To fix this problem, we need to allow gaps between two matched *q*-grams up to the edit distance threshold. That is, we treat two locations appearing only once as candidate locations if their difference is within the edit distance threshold. In our example, since the difference between the locations 2 and 3 is within the edit distance threshold 1, we generate both of the locations 2 and 3 as candidates.

The second problem is caused by indels occurring before any locations of matched prefix *q*-grams. If there are *d* deletions of bases in a reference sequence before the matched *q*-grams, we need to consider a subsequence starting at *l*−*d*, where *l* is a candidate location calculated from the matched *q*-grams. For example, consider a genome sequence *S*_{
g
}=GAGAGATCTGCATAA… and a read *r*=GAAGATCTGCATAA, where three underlined tri-grams GAT, TGC, and TAA in *G*(*r*) are selected as the prefix grams for an edit distance 1. As our technique returns location 1 in *S*_{
g
} for all the three *q*-grams, we use the location as a candidate and verify the genome subsequence *s* starting at the location. Because the edit distance between *r* and *s* is 2, we do not have a mapping of the read *r*. However, if we consider the subsequence starting from location 0 of *S*_{
g
}, we should be able to return the location 0 as a mapping location because the edit distance is 1 as depicted in Figure 3(b). This problem is caused by the deletion of the underlined base G from *S*_{
g
}, which is located before the three matched grams GAT, TGC, and TTA.

By contrast, if there are *i* insertions of bases in a reference sequence before any locations of matched prefix *q*-grams, we need to consider a subsequence starting at location *l*+*i*, where *l* is a candidate location. For example, consider a genome sequence *S*_{
g
}=AGAAGATCTGCATAA… and a read *r*=GAGAGATCTGCATAA, where three underlined tri-grams are matched for an edit distance 1. Although location 0, which is calculated from the matched tri-grams, does not satisfy the edit distance threshold, we should be able to return location 1 as a mapping location as depicted in Figure 3(c). The underlined base G in *r* (or the insertion of the G into *S*_{
g
}) causes this problem.

Therefore, given an edit distance threshold *k* and a candidate starting location *l*, a potential match can start at any location between *l*−*k* and *l*+*k*. Similarly, indels can also occur after matched prefix *q*-grams. Given a candidate ending location *c*, a potential match can end at any location between *c*−*k* and *c*+*k*. So altogether, we need to consider a verification window from *l*−*k* to *c*+*k* to find all potential matches (Figure 3(d)). However, because the verification time based on sequence alignment is proportional to the size of the verification window, enlarging the window at both ends by *k* is computationally expensive. In Hobbes2, we adopt the following heuristic to improve the mapping speed: We first use the verification window [ *l*,*c*+*k*] (Figure 3(d)), and run a semi-global banded alignment algorithm to identify all potential matches located within this window. If this verification window yields no matches, we then consider the verification window [ *l*−*k*,*c*]. This approach could potentially miss some true mappings that start before *l* and at the same time end after *c*. However, empirically we found that those mappings are relatively rare and do not significantly impact the accuracy of our algorithm.
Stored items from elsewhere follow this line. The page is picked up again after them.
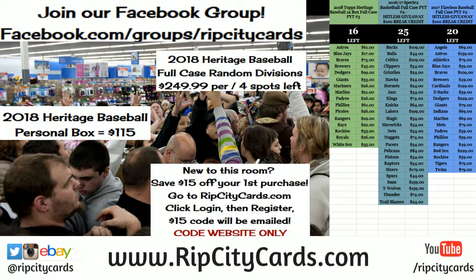Hi everybody, welcome! We're going to do a personal box of the 2018 Heritage Baseball.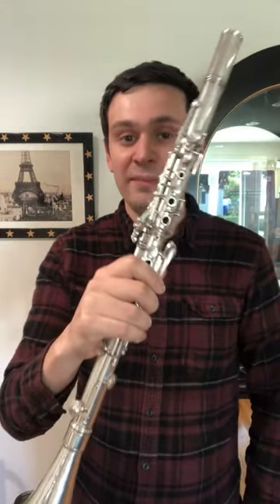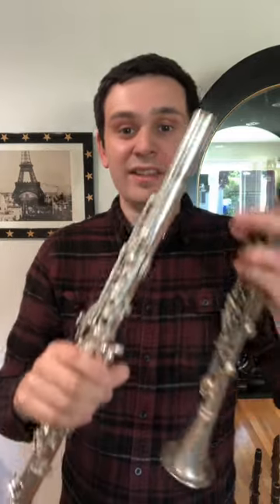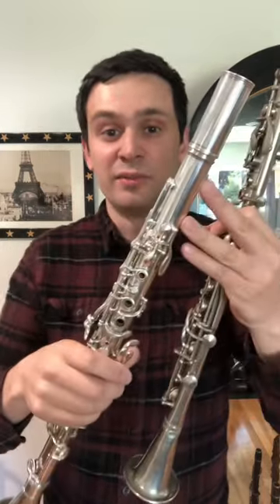This is a QAnon double-walled metal clarinet. Now unlike the typical metal clarinet where there's just a single tube that comprises both the bore and the outer body of the instrument, this instrument actually has two tubes.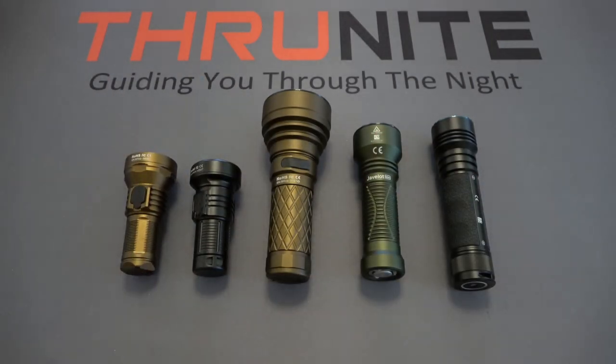Hopefully you guys enjoyed this video. If you're new to the channel, Thrunite does product giveaways. It's completely free to enter — all you have to do is comment on these videos and subscribe to the channel. Thanks for watching.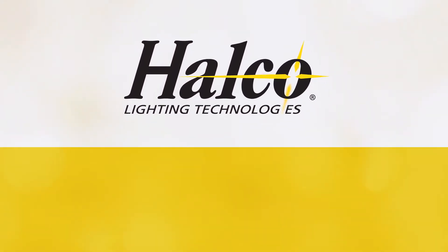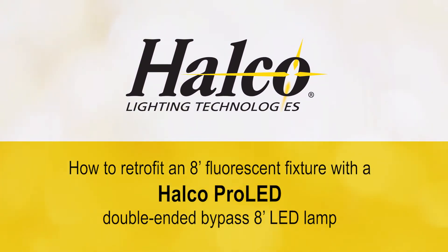Here's how to safely and easily retrofit an eight-foot fluorescent strip fixture with Halco Pro LED double-ended bypass eight-foot LED lamps by bypassing the ballast and simply rewiring the fixture.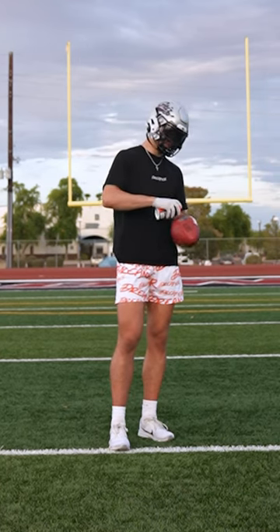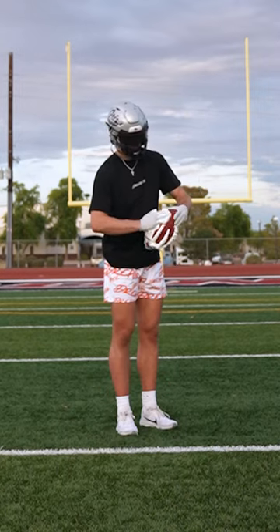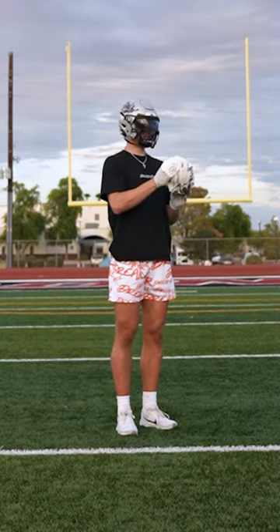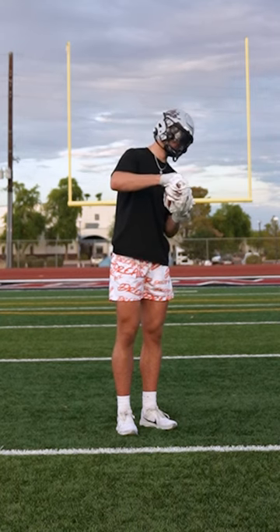We're just gonna kind of hit it — looks good. Now we're just working that shaving cream all around the ball. I might've put way too much shaving cream. Hey, that red dye gonna be gone. When y'all opened this app, I bet y'all didn't think you were gonna see someone rubbing shaving cream on a football.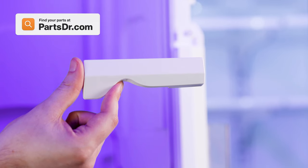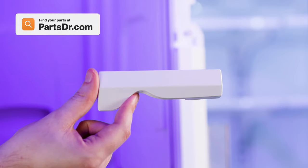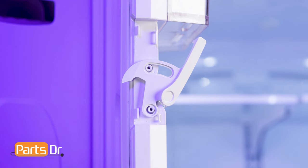If you need to purchase a new ice door latch cover, you can check out our website, PartsDoctor.com — we'll leave a link in the description below. You want to make sure you are searching with the model number from the tag on your refrigerator to make sure you are getting the correct part.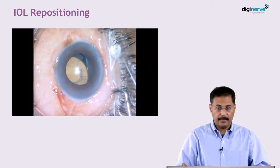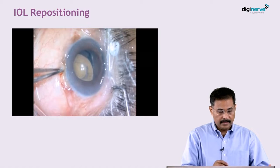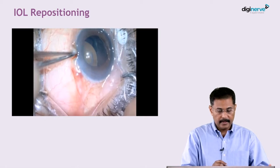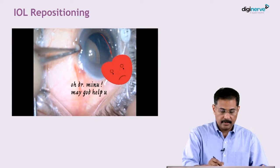One case of IOL repositioning. This is a single-piece foldable IOL inside the bag — the whole bag and lens complex has descended. You can see a capsule tension ring also in the bag here.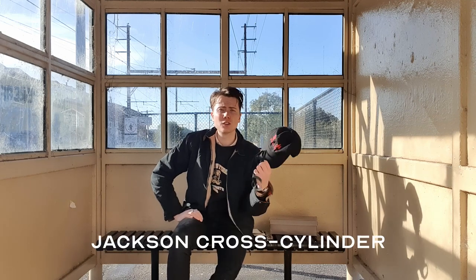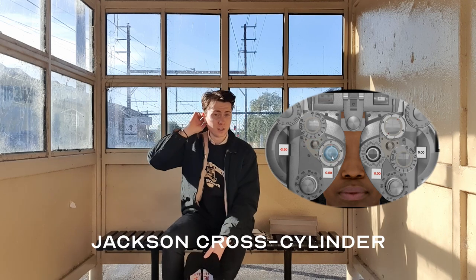Good morning — it is Tuesday, week two of semester two, and today we're learning a technique called Jackson Cross Cylinder, which essentially is a way of measuring astigmatism on the phoropter.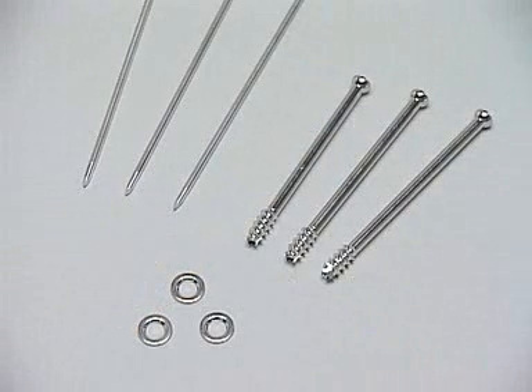We need these implants: three 2.8 millimeter guide wires which have a threaded tip. For every procedure, new wires should be used. Three cannulated screws and two or three washers.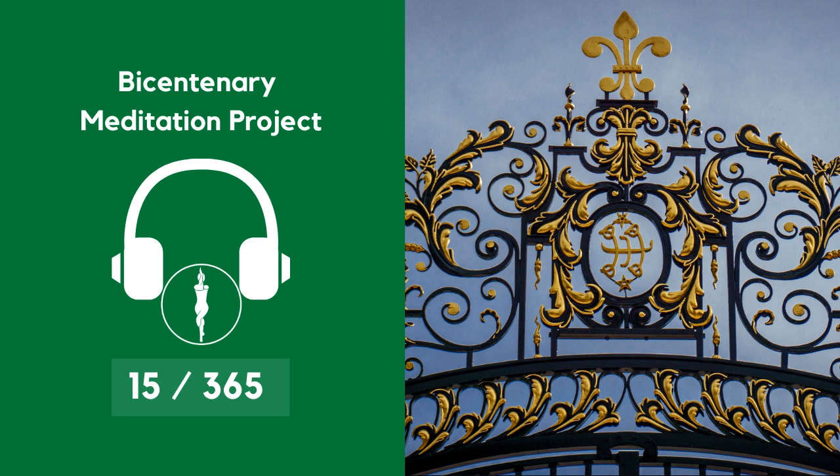Bring your attention back to your breath, focusing on your inhales and focusing on your exhales. Slowly, slowly bring your attention and awareness back to your body.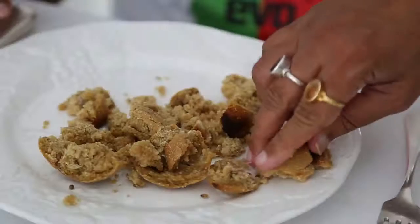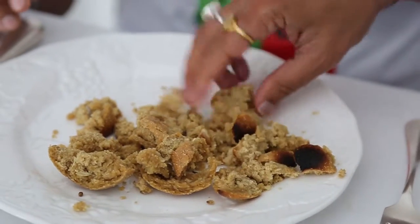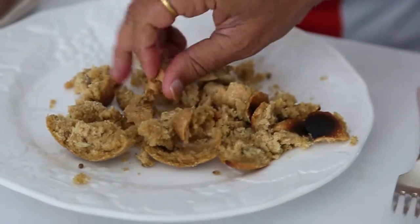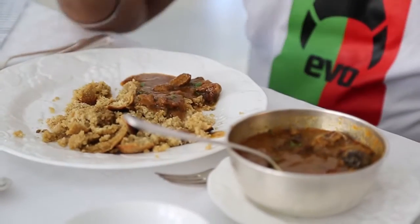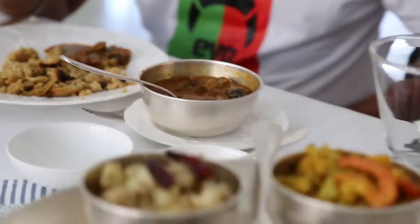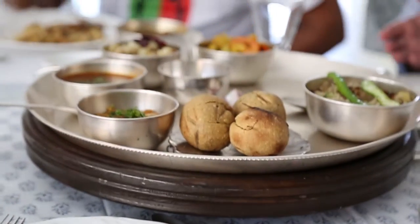The main thing about Rajasthani lal maas is the bhunao. The bhunao is when you take the masala and you neither boil it, which is ukaado, nor do you fry it. Most meat curries are cooked on blue flames, and the blue flame is so hot — a good 600 degrees warmer than the red flame. It very quickly evaporates the water and goes into the frying process, so it's more like a talka.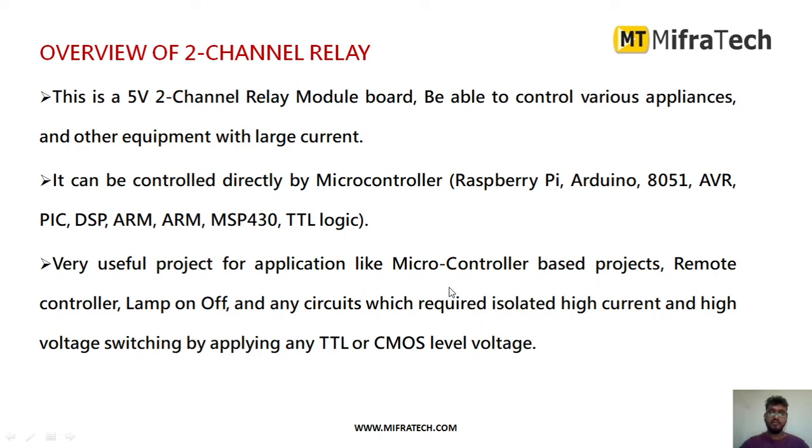It is a very useful module for microcontroller-based projects like a remote control lamp on/off circuit, or any circuit that requires isolated high current and high voltage switching by applying CMOS voltage levels. You can also use this relay to turn on motors.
### Implementation details

As Hobbes2 uses an additional prefix *q*-gram instead of bit vectors, it can significantly improve the performance and substantially reduce memory consumption. In this section, we describe how Hobbes2 was implemented on top of Hobbes. Other details and optimization techniques for implementation that are not presented here are the same as those in Hobbes.

Hobbes2 builds an inverted index in the same way that Hobbes does. That is, each element in an inverted list contains a bit vector. However, Hobbes2 loads inverted lists without bit vectors into the memory if it determines that a read has at least *k*+2 non-overlapping *q*-grams, where *k* is a distance threshold. In this case, Hobbes2 filters out false positives using an additional *q*-gram while it generates candidates. If the number of *q*-grams contained in a read is less than *k*+2, Hobbes2 loads both inverted lists and bit vectors into memory. Hobbes2 assumes fixed length input reads and calculate the number of non-overlapping *q*-grams using the length of the first input read. For variable length reads, it also safely maps each read but it does not filter out false positives for those reads that have not enough *q*-grams.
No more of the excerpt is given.